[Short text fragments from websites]
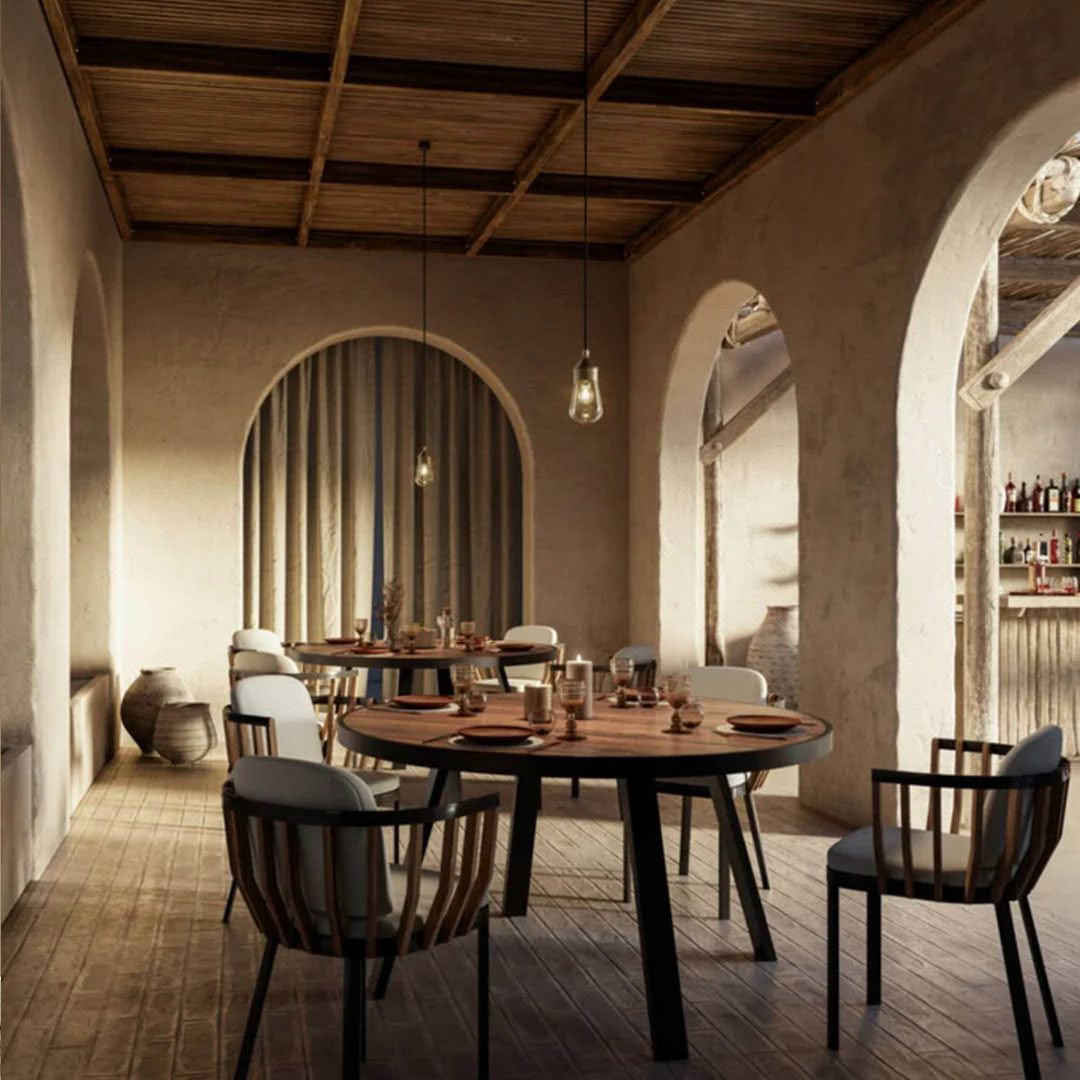 Elegant rustic restaurant interior with arched doorways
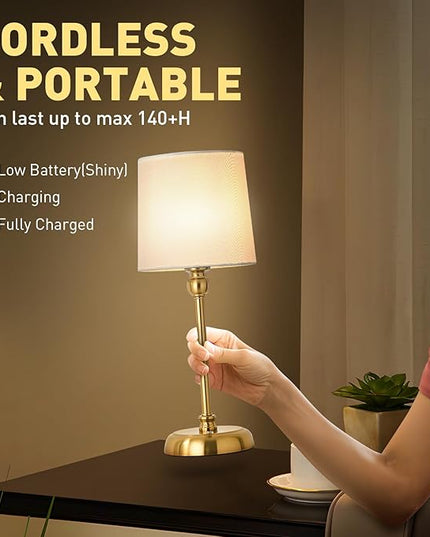 Cordless LED Table Lamp, 6000mAh Rechargeable Bedside Night Lamp for Bedroom, Portable Touch Stepless Dimmable Battery Operated Lamp, Ambient Light for Patio Restaurant(‎Antique Brass H) - LeafyLoom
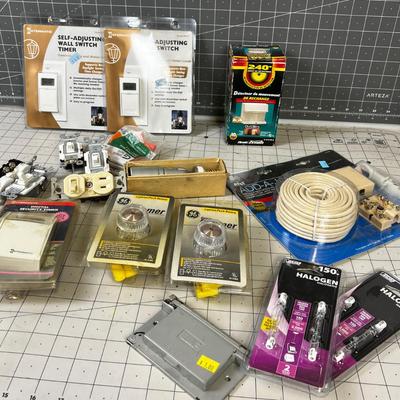 Box of Electrical: Switches, Timers, Bulbs etc.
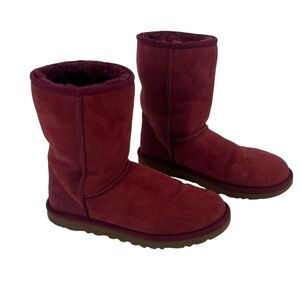 UGG Red Sherpa Lined Ankle Boots Size 6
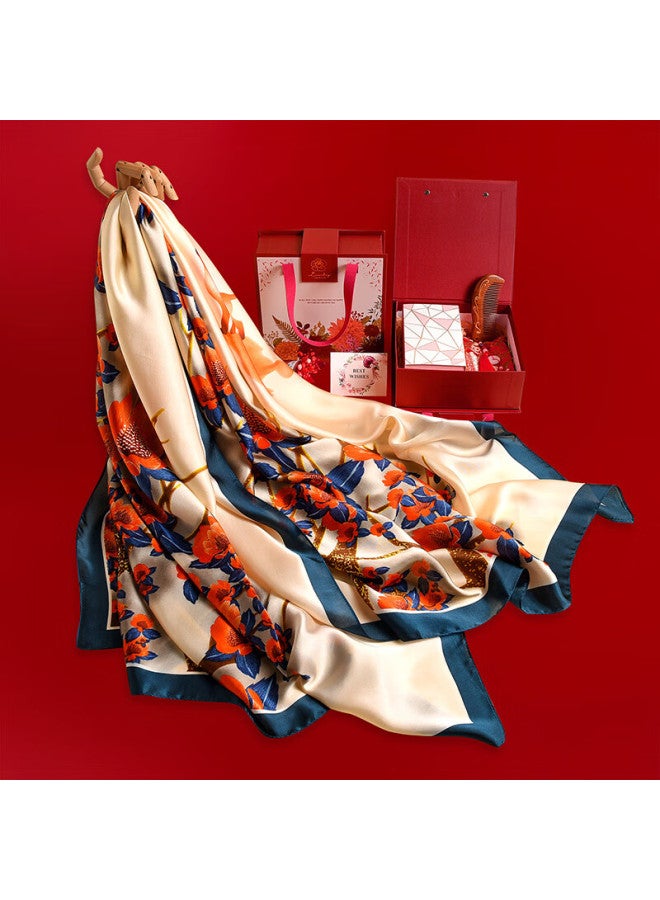 Hang Silk House Hangsifu Silk Scarf Gift Box Set, Group Purchase Gift, Shawl, Outer Wear, Gift For Elders And Mothers, Birthday Gift For Women, Practical And Elegant Comb - Image 2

(WHAT TO PRODUCE) Set down exactly the lines running from the beginning of the entries above to the line that contains "UGG Red Sherpa Lined Ankle Boots Size 6", including both, and leave out pictures.

(EXERCISE SOLUTION)
 Elegant rustic restaurant interior with arched doorways
 Cordless LED Table Lamp, 6000mAh Rechargeable Bedside Night Lamp for Bedroom, Portable Touch Stepless Dimmable Battery Operated Lamp, Ambient Light for Patio Restaurant(‎Antique Brass H) - LeafyLoom
 Box of Electrical: Switches, Timers, Bulbs etc.
 UGG Red Sherpa Lined Ankle Boots Size 6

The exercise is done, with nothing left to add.